For example, the drug reservoir is formed from a polymeric material
in which the drug has reasonable solubility for the drug to be
delivered within the desired range, such as, a polyurethane,
ethylene/vinyl acetate copolymer (EVA), acrylate, styrenic block
copolymer, and the like. In preferred embodiments, the reservoir 3
is formed from a pharmaceutically acceptable adhesive or
proadhesive, preferably acrylate copolymer-based, as described in
greater detail below.
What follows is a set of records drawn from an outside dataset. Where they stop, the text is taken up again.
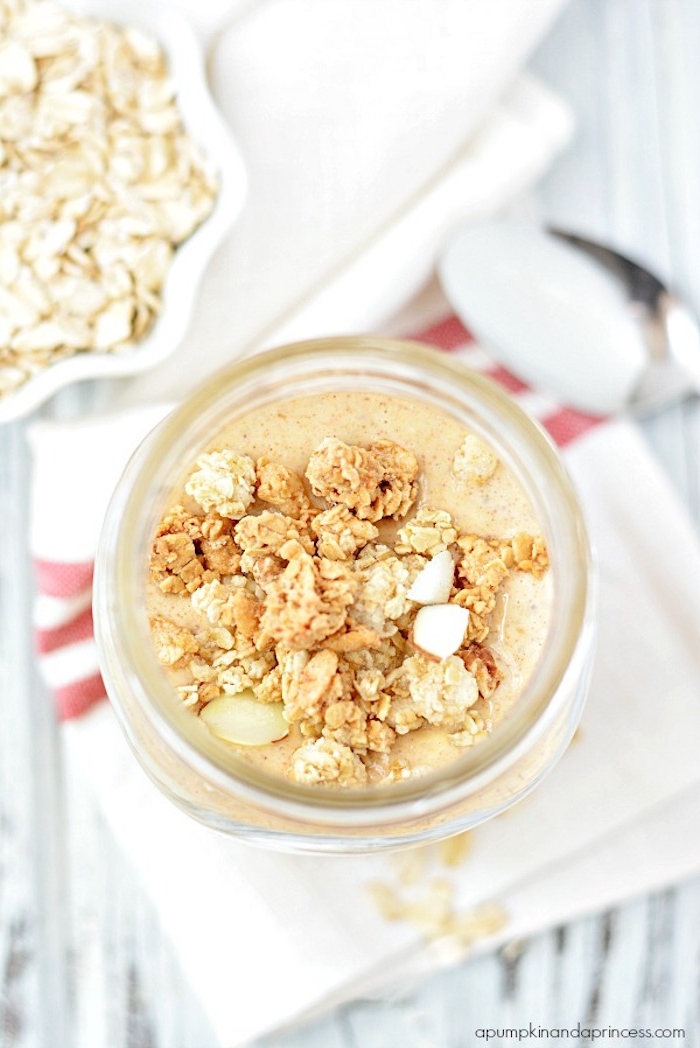 granola and nuts, strewn on top of a pale orange porridge, inside a glass jar, simple breakfast ideas, small bowl with rolled oats, and metal spoon nearby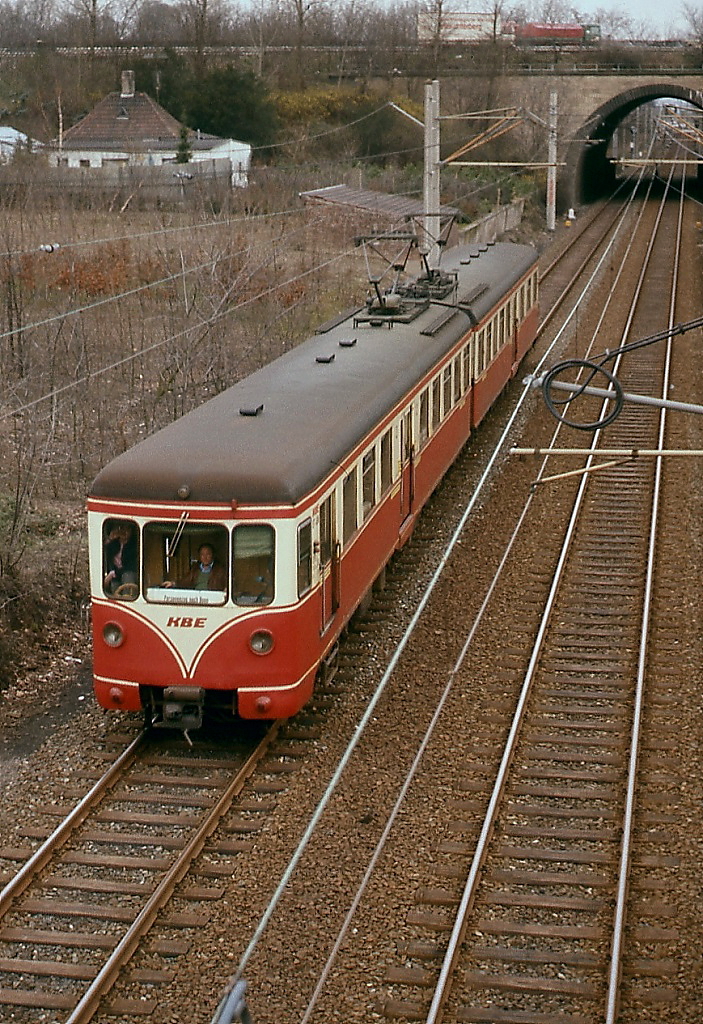 Ein KBE-Triebwagen fährt im März 1978 bei Rodenkirchen als Personenzug in Richtung Bonn. Dem Triebwagenführer scheint der Fotograf auf der Straßenbrücke nicht ganz geheuer zu sein.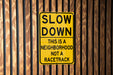 a yellow slow down sign on a wooden fence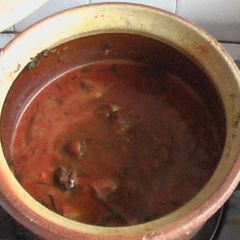A picture of Kerala Style Claypot Red Fish Curry.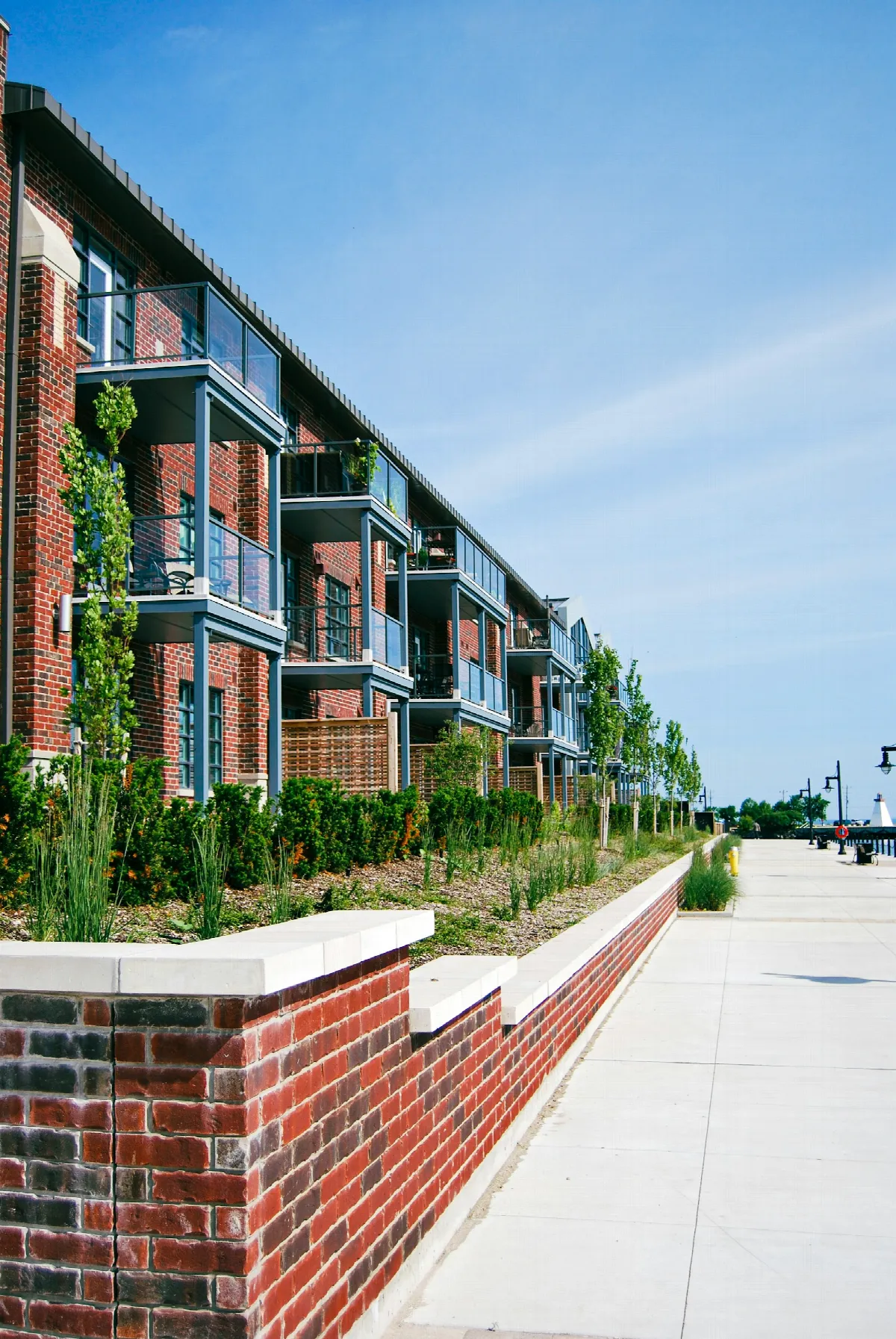 A red brick apartment building with rows of small balconies against a clear sky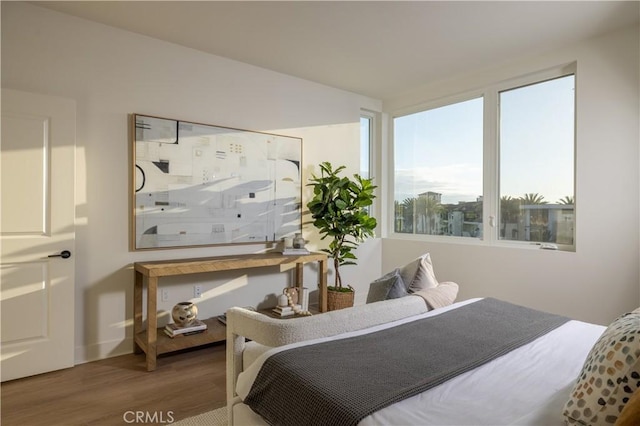 bedroom with hardwood / wood-style flooring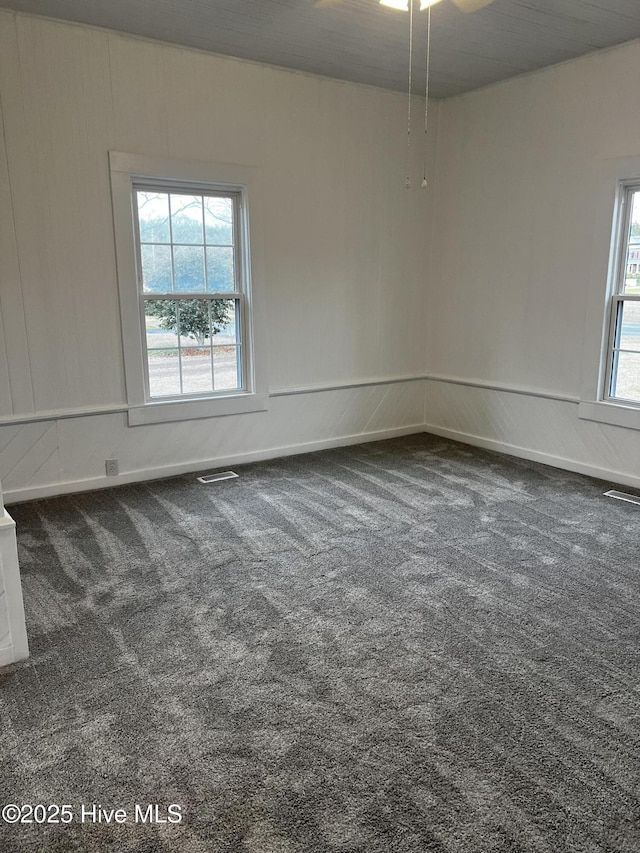 unfurnished room with a healthy amount of sunlight, dark carpet, and visible vents
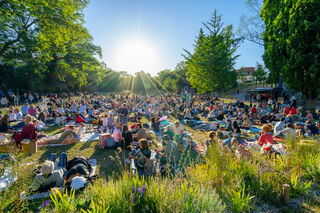 Konzertnacht Bella Italia Eine große Menschenmenge sitzt auf einer Wiese im Weimarhallenpark, umgeben von Bäumen, während die Sonne strahlend am Himmel aufgeht.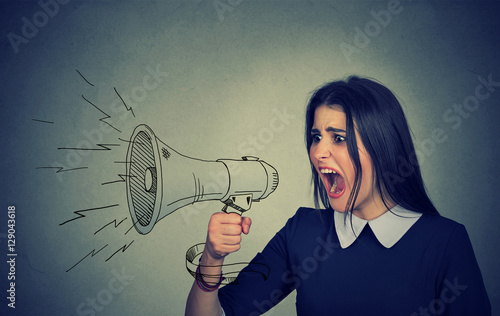 Angry young woman screaming in megaphone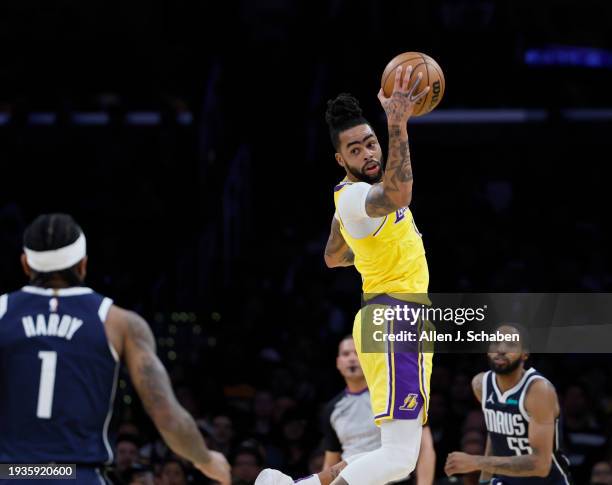 Los Angeles, CA Lakers point guard D'Angelo Russell, #1, center, grabs a rebound over Mavericks guard Jaden Hardy, #1, left, and Mavericks forward...
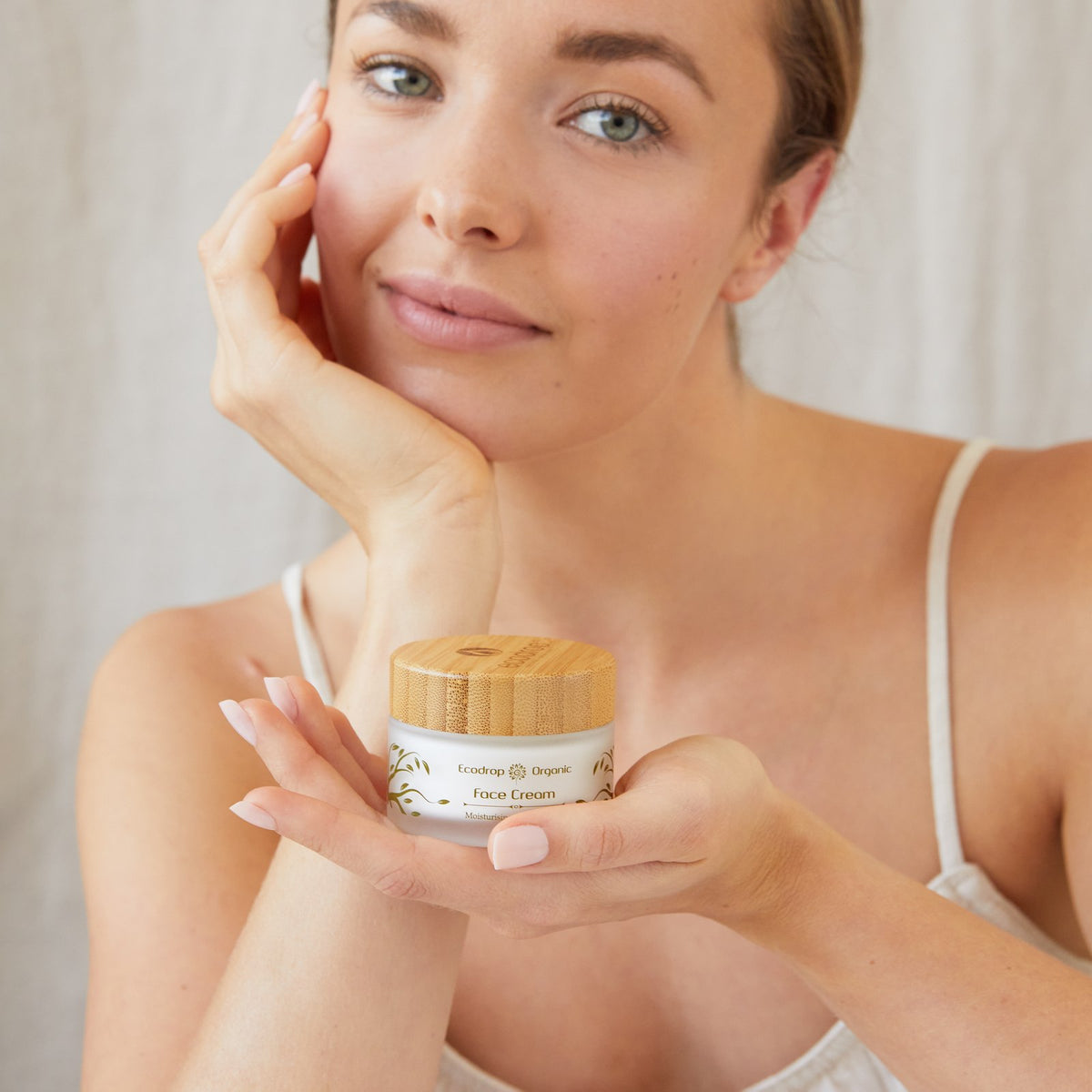 Woman holding a jar of Ecodrop Organic Face Cream, natural face cream for dry skin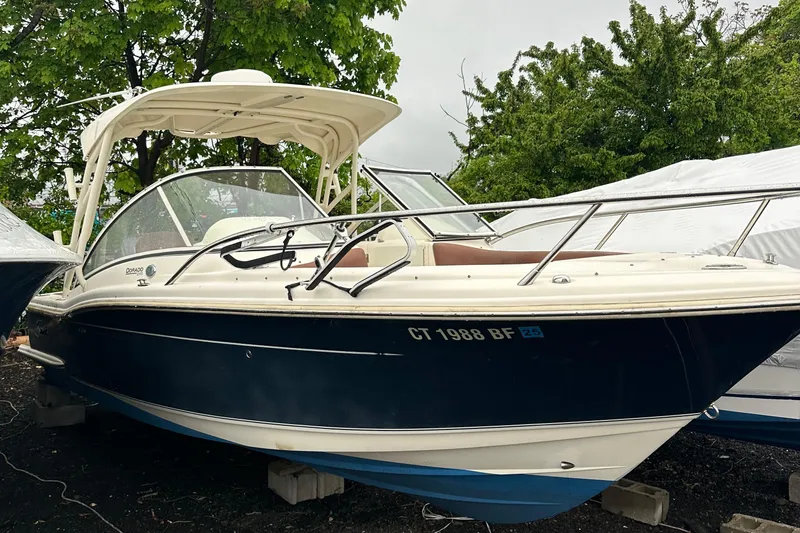 Slide: The Image of 2014 Scout 245 Dorado boat with canopy, parked on blocks, surrounded by trees. - 6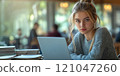 A beautiful female student is using a networked laptop to research information within the college. 121047260
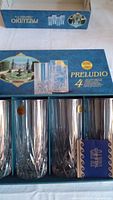 Set of 4 crystal rock glasses in Preludio Capri box showing detailed cut designs on the base, blue box with garden image.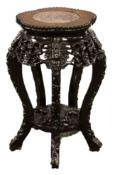 19th CENTURY CHINESE HARDWOOD AND PINK MARBLE INSET VASE STAND, with prunus carved apron over five
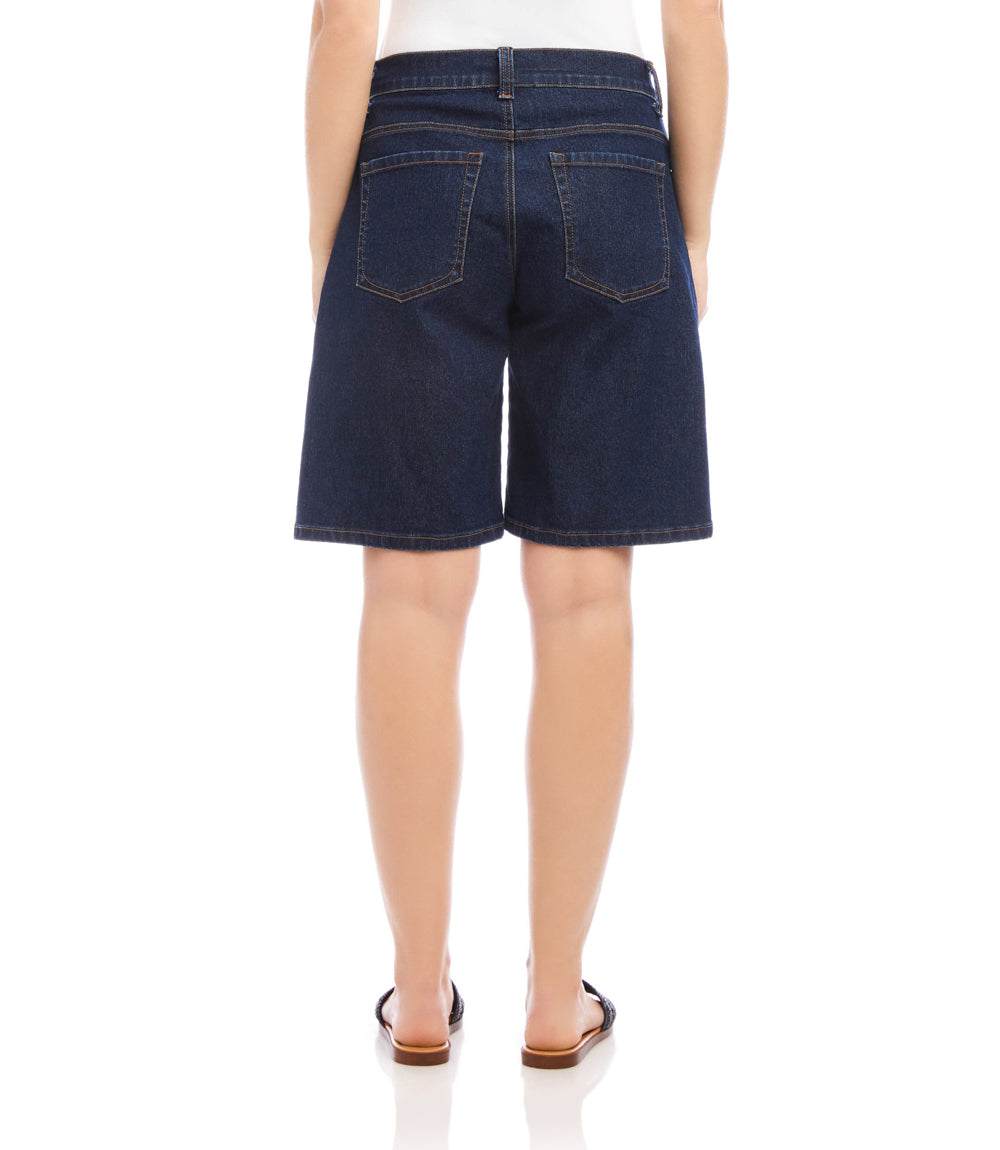 Person wearing dark blue denim shorts on a white background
The drug reservoir or the matrix layer can
have a thickness of about 1-10 mils (0.025-0.25 mm), preferably
about 2-5 mils (0.05-0.12 mm), more preferably about 2-3 mils
(0.05-0.075 mm).
[0040] Preferred materials for making the adhesive reservoir or
adhesive coating, and for making proadhesives according to the
present invention include acrylates, which can be a copolymer of
various monomers ((i) "soft" monomer, (ii) "hard" monomer, and
optionally (iii) "fanctional" monomer) or blends including such
copolymers. The acrylates (acrylic polymers) can be composed of a
copolymer (e.g., a terpolymer, i.e., made with three monomers; or a
tetrapolymer, i.e., made with four monomers) including at least two
or more exemplary components selected from the group including
acrylic acids, alkyl acrylates, methacrylates, copolymerizable
secondary monomers or monomers with functional groups. Functional
monomers are often used to adjust drug solubility, polymer cohesive
strength, or polymer hydrophilicity. Examples of functional
monomers are acids, e.g., acrylic acid, methacrylic acid and
hydroxy-containing monomers such as hydroxyethyl acrylate,
hydroxypropyl acrylate, acrylamides or methacrylamides that contain
amino group and amino alcohols with amino group protected.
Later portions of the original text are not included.